## Records to process
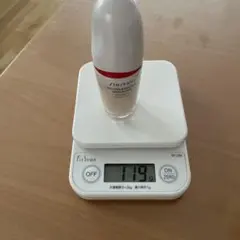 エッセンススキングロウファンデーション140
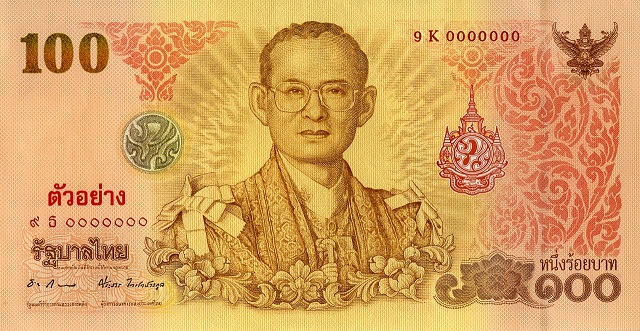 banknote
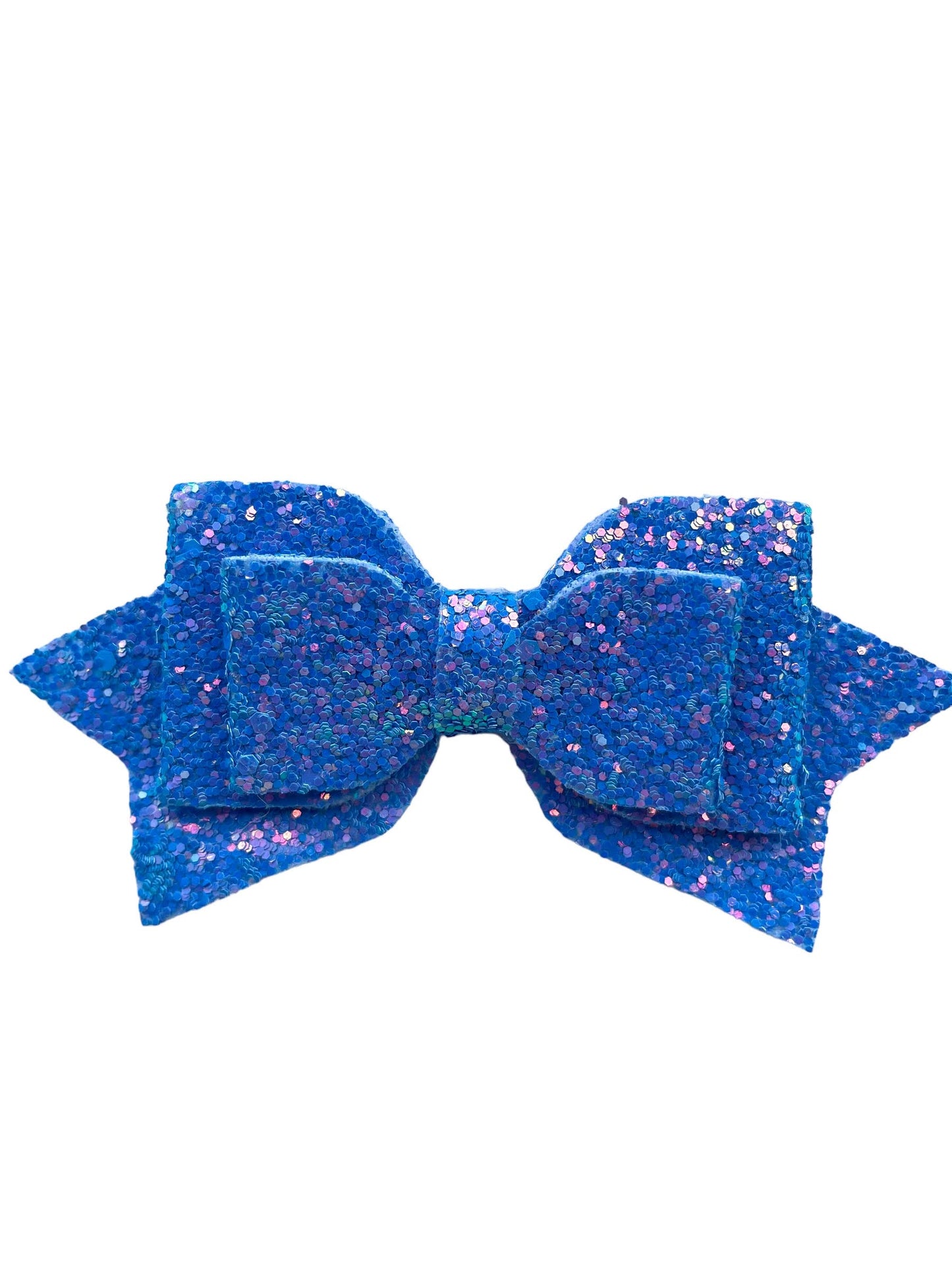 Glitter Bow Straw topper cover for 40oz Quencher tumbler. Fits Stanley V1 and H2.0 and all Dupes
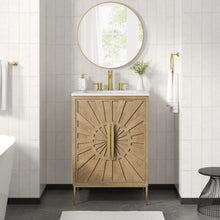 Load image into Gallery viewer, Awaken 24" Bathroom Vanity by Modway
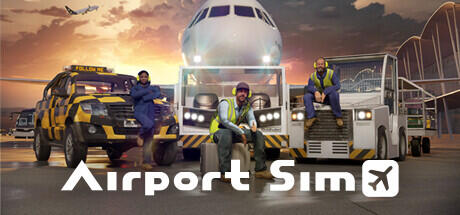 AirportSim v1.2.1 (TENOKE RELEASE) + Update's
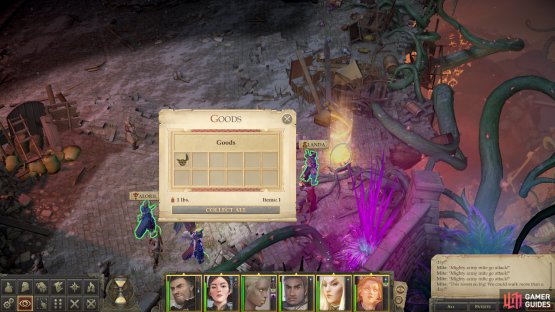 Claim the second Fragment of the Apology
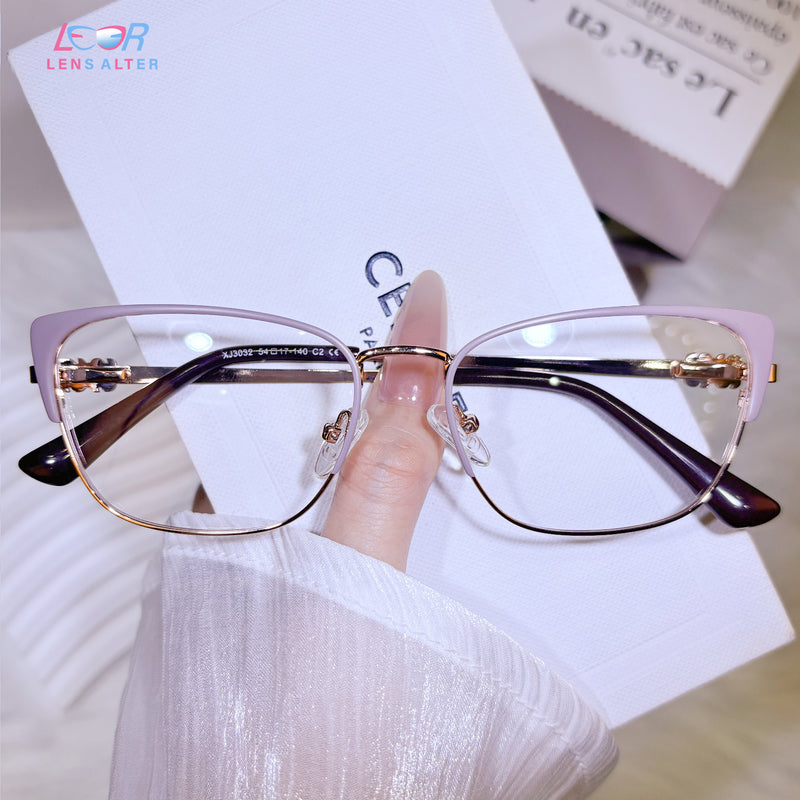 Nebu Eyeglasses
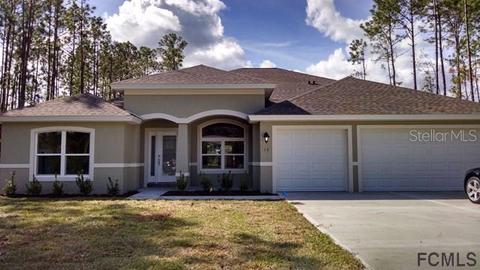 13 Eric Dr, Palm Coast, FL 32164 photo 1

## Work item
Without any pictures, please write out the lines from the one containing "Claim the second Fragment of the Apology" through the final line of the data, exactly and inclusive of both ends.

## Exercise result
 Claim the second Fragment of the Apology
 Nebu Eyeglasses
 13 Eric Dr, Palm Coast, FL 32164 photo 1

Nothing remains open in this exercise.